- As Banks’ bad loans hit N856.9b – Report
With Nigeria’s foreign reserve standing at $28.9 billion, the Central Bank of Nigeria (CBN) has warned against reckless depletion of the kitty.
Addressing reporters at the end of the bi-monthly Monetary Policy Committee (MPC) meeting in Abuja yesterday, CBN Governor, Godwin Emefiele said the reserves today stands at $28.9 billion. “The fact that we have began to see some accretion to the reserve does not mean we should be reckless,” he warned.
He said the CBN “will continue with the policy of ensuring that forex is made available to those who are importing raw materials and supporting the agricultural sector but not to those who want to engage in less important sectors of the economy.”

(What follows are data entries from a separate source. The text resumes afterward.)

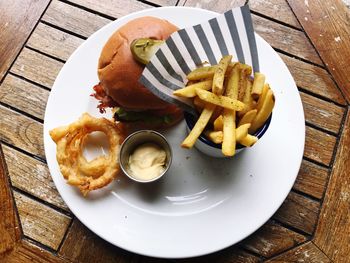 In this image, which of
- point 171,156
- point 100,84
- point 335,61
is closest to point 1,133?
point 100,84

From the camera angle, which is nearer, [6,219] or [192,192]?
[192,192]

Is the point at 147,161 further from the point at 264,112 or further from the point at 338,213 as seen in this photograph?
the point at 338,213

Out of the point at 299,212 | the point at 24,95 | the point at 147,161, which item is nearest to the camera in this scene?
the point at 147,161

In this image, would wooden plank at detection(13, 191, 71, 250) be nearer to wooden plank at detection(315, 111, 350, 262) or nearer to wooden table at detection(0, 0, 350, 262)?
wooden table at detection(0, 0, 350, 262)

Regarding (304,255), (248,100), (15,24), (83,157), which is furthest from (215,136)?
(15,24)

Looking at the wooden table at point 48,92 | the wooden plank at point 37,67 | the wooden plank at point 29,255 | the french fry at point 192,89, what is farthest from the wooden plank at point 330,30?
the wooden plank at point 29,255

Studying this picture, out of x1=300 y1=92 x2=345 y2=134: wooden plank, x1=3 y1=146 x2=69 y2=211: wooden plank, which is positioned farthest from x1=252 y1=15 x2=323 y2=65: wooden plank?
x1=3 y1=146 x2=69 y2=211: wooden plank

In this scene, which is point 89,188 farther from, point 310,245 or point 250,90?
point 310,245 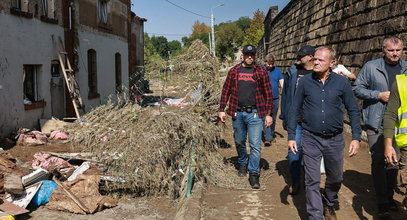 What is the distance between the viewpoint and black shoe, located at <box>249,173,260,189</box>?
5.75 meters

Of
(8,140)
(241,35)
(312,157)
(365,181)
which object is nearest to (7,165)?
(8,140)

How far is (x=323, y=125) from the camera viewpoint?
13.2ft

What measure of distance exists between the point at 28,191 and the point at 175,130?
2.21 meters

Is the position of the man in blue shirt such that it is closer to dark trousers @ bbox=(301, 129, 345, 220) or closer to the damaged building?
dark trousers @ bbox=(301, 129, 345, 220)

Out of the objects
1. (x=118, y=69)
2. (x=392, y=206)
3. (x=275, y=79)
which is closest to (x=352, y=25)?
→ (x=275, y=79)

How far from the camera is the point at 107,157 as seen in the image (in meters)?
6.46

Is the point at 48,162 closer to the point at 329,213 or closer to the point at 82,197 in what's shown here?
the point at 82,197

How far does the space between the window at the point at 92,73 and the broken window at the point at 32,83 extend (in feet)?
13.0

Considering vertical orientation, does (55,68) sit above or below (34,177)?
above

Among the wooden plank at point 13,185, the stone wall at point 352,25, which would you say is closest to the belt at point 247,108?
the wooden plank at point 13,185

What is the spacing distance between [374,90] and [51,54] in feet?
31.9

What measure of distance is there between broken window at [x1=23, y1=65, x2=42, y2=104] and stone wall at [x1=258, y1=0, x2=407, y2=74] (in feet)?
27.3

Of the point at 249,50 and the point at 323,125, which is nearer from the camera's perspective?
the point at 323,125

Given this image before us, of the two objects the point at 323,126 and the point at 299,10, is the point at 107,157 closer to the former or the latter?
the point at 323,126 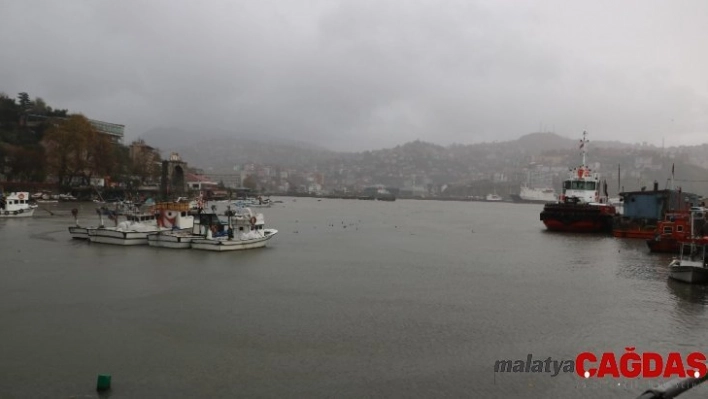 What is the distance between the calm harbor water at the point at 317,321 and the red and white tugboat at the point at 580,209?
16.9 m

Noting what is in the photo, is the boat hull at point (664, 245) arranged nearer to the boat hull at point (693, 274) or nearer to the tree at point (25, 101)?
the boat hull at point (693, 274)

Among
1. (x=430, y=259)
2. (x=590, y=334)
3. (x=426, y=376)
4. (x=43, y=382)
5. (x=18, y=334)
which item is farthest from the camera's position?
(x=430, y=259)

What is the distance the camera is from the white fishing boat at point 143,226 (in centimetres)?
3016

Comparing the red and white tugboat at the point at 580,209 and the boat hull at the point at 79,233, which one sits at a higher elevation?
the red and white tugboat at the point at 580,209

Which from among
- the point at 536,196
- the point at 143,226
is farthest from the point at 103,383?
the point at 536,196

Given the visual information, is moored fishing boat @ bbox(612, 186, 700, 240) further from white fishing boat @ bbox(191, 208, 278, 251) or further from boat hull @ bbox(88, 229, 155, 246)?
boat hull @ bbox(88, 229, 155, 246)

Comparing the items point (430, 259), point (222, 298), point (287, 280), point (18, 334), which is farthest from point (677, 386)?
point (430, 259)

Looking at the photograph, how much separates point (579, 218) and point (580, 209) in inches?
33.3

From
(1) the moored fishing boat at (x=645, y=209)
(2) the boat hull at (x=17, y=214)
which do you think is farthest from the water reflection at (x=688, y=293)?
(2) the boat hull at (x=17, y=214)

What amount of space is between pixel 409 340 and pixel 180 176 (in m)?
105

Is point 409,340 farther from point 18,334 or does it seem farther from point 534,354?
point 18,334

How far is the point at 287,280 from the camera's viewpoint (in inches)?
858

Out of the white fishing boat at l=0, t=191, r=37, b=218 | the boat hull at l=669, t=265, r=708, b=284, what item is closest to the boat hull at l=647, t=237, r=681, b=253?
the boat hull at l=669, t=265, r=708, b=284

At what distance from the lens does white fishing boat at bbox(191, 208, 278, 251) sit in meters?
28.7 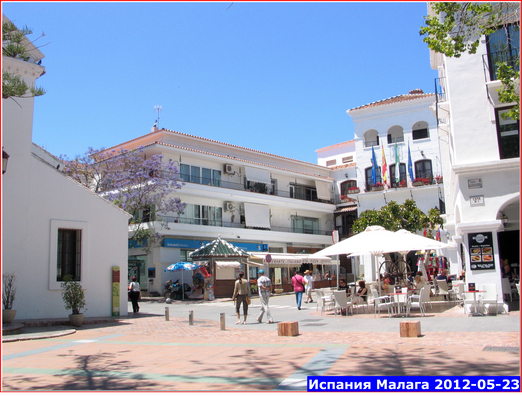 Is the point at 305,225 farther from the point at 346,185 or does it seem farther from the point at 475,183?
the point at 475,183

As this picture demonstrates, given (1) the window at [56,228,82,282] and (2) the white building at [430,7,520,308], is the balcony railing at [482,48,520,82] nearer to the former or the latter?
(2) the white building at [430,7,520,308]

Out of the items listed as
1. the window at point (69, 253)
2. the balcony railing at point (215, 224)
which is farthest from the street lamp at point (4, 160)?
the balcony railing at point (215, 224)

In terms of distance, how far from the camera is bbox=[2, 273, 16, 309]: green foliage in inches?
571

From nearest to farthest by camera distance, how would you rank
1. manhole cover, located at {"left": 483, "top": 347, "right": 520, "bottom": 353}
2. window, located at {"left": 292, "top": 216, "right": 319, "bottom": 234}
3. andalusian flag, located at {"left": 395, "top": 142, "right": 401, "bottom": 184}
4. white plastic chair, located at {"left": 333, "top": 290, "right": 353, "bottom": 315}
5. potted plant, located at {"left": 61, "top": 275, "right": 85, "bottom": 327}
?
manhole cover, located at {"left": 483, "top": 347, "right": 520, "bottom": 353}, potted plant, located at {"left": 61, "top": 275, "right": 85, "bottom": 327}, white plastic chair, located at {"left": 333, "top": 290, "right": 353, "bottom": 315}, andalusian flag, located at {"left": 395, "top": 142, "right": 401, "bottom": 184}, window, located at {"left": 292, "top": 216, "right": 319, "bottom": 234}

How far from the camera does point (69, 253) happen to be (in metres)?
17.3

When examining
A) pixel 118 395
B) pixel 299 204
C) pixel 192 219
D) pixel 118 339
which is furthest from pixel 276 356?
pixel 299 204

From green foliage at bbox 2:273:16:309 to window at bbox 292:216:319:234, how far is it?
30.9 metres

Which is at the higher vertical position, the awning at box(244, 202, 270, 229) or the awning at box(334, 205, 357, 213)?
the awning at box(334, 205, 357, 213)

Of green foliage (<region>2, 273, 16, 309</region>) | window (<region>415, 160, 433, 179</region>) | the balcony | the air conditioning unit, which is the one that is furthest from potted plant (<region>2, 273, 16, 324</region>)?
window (<region>415, 160, 433, 179</region>)

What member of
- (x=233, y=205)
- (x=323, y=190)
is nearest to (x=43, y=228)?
(x=233, y=205)

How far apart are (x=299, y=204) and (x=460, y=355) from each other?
3611 cm

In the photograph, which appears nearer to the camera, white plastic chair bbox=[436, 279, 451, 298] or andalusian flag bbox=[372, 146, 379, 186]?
white plastic chair bbox=[436, 279, 451, 298]

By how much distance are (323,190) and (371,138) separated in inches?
308

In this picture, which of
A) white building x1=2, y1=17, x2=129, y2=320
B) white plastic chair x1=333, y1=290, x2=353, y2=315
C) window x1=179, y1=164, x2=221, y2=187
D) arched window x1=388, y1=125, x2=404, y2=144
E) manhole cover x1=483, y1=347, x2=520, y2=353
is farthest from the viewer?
arched window x1=388, y1=125, x2=404, y2=144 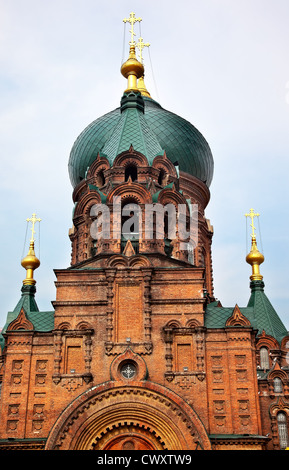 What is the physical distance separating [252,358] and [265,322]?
21.5 ft

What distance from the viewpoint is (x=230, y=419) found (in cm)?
1647

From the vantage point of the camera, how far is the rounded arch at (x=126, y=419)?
16.2m

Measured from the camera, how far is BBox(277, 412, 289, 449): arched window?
18.8 metres

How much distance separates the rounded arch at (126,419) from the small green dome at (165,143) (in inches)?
455

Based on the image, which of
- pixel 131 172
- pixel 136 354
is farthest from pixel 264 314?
pixel 136 354

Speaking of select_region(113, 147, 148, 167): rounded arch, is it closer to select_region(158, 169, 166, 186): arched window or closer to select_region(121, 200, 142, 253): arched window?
select_region(158, 169, 166, 186): arched window

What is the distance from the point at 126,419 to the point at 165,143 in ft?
41.6

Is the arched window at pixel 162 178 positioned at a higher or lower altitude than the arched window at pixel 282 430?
higher

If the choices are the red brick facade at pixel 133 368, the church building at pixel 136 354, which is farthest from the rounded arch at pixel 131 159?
the red brick facade at pixel 133 368

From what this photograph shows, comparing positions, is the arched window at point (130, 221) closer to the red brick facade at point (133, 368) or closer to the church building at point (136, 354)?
the church building at point (136, 354)

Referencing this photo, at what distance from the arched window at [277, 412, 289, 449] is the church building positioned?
30 mm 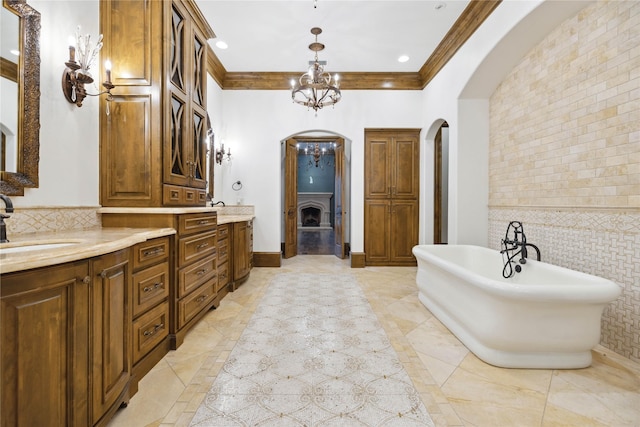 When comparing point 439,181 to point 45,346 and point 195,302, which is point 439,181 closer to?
point 195,302

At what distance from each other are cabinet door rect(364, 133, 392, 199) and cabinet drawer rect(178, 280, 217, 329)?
126 inches

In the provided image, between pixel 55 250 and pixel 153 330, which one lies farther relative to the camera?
pixel 153 330

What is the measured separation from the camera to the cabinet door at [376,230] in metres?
5.24

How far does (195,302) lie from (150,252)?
0.84m

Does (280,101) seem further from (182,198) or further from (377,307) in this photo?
(377,307)

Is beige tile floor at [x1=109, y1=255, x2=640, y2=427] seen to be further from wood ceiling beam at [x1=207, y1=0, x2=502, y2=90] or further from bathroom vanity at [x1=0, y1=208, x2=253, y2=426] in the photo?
wood ceiling beam at [x1=207, y1=0, x2=502, y2=90]

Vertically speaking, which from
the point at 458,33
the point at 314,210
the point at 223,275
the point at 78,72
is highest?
the point at 458,33

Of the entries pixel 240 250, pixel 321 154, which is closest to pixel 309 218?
pixel 321 154

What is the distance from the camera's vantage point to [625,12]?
7.00 feet

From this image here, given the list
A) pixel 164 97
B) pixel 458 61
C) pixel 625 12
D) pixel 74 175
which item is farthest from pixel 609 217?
pixel 74 175

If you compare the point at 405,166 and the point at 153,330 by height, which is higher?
the point at 405,166

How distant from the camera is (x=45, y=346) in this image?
1072mm

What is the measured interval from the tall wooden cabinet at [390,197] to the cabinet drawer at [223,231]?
2.59m

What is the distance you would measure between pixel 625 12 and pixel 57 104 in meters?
4.03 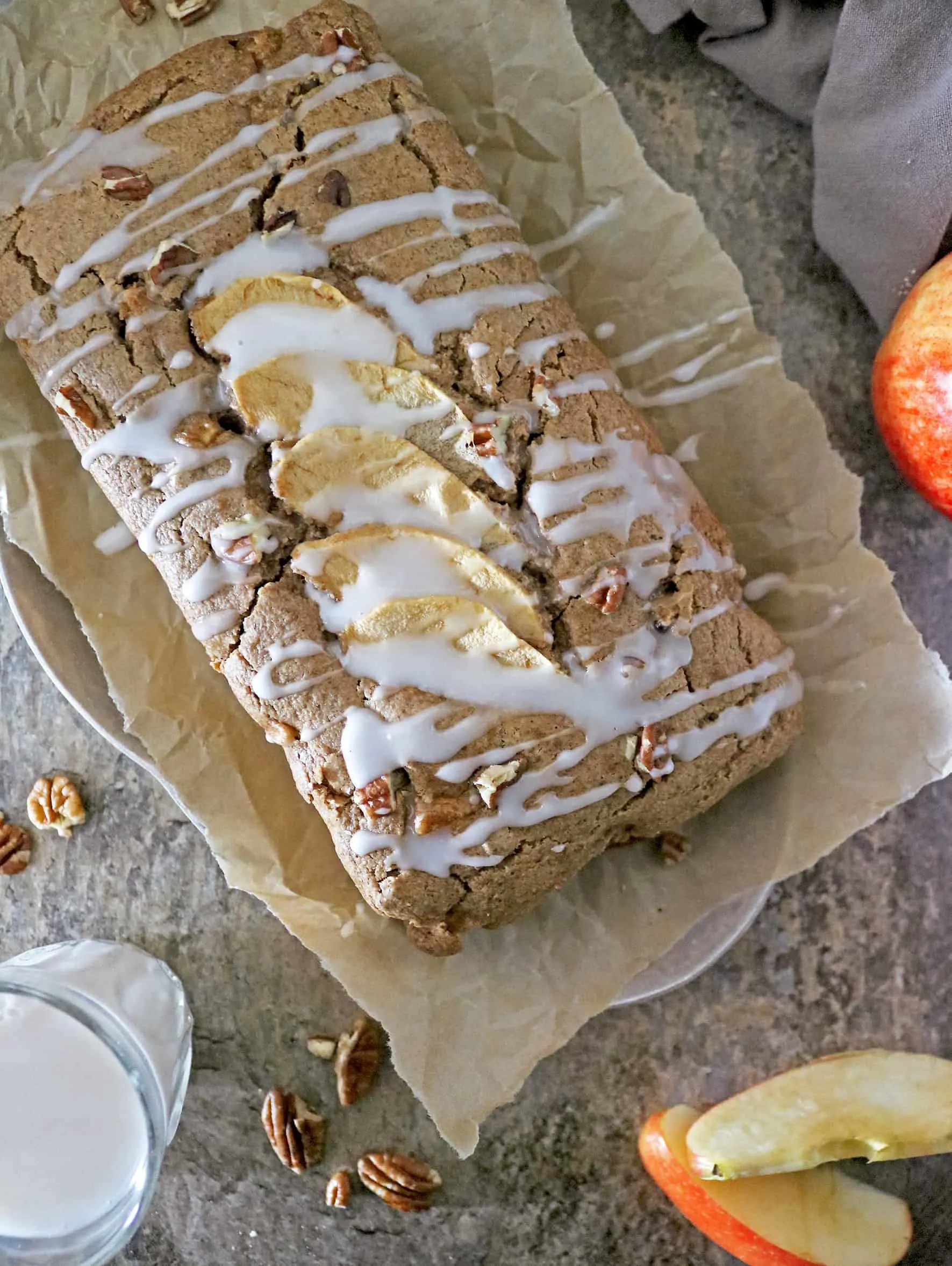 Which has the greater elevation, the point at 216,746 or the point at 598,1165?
the point at 216,746

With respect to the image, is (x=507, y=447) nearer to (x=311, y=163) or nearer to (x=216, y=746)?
(x=311, y=163)

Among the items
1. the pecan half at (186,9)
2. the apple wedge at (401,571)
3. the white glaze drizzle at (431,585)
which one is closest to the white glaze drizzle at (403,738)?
the white glaze drizzle at (431,585)

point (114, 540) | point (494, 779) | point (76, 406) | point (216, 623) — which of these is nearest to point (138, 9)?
point (76, 406)

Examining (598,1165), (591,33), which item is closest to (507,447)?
(591,33)

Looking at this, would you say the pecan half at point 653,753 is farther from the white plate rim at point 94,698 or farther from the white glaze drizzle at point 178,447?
the white glaze drizzle at point 178,447

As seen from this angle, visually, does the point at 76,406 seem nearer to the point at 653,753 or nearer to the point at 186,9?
the point at 186,9

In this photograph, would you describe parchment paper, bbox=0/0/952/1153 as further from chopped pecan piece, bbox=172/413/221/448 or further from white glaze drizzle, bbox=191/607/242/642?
chopped pecan piece, bbox=172/413/221/448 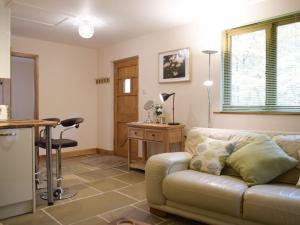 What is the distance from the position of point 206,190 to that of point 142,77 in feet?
9.65

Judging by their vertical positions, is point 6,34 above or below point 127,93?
above

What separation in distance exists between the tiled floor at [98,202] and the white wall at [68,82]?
135 centimetres

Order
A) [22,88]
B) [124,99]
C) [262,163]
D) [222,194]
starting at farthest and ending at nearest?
[22,88], [124,99], [262,163], [222,194]

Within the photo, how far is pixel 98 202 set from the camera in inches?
115

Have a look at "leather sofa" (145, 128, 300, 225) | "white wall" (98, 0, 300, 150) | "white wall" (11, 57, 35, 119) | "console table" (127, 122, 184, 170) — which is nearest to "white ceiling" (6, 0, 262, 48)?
"white wall" (98, 0, 300, 150)

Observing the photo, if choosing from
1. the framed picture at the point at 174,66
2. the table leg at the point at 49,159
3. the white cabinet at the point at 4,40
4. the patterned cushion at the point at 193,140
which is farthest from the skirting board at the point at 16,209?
the framed picture at the point at 174,66

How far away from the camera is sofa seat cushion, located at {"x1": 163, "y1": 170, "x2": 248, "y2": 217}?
2.04 m

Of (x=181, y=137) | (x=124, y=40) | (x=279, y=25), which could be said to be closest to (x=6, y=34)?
(x=124, y=40)

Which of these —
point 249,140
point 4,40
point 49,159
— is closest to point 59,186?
point 49,159

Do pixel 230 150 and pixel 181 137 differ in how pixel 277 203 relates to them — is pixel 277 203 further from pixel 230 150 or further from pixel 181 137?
pixel 181 137

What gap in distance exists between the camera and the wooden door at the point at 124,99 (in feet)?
16.4

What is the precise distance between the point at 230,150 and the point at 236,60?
1.46 metres

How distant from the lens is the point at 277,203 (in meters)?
1.84

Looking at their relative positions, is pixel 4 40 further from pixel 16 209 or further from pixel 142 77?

“It is exciting to see this (rise in foreign resreves) happen. We do not run a floating regime, we run a managed float. What that means is that from time to time we will continue to intervene in the market to ensure that the exchange rate does not go beyond our expectations and those interventions would be to moderate the risk as we deem necessary,” he said.
Reacting to accusations that the apex bank is keeping multiple exchange rates, the CBN governor appealed to “those who are out there fomenting this bad stories in order to portray the monetary authorities in bad light to please assist us, if they have questions they should please approach us, we would respond to them as appropriate.”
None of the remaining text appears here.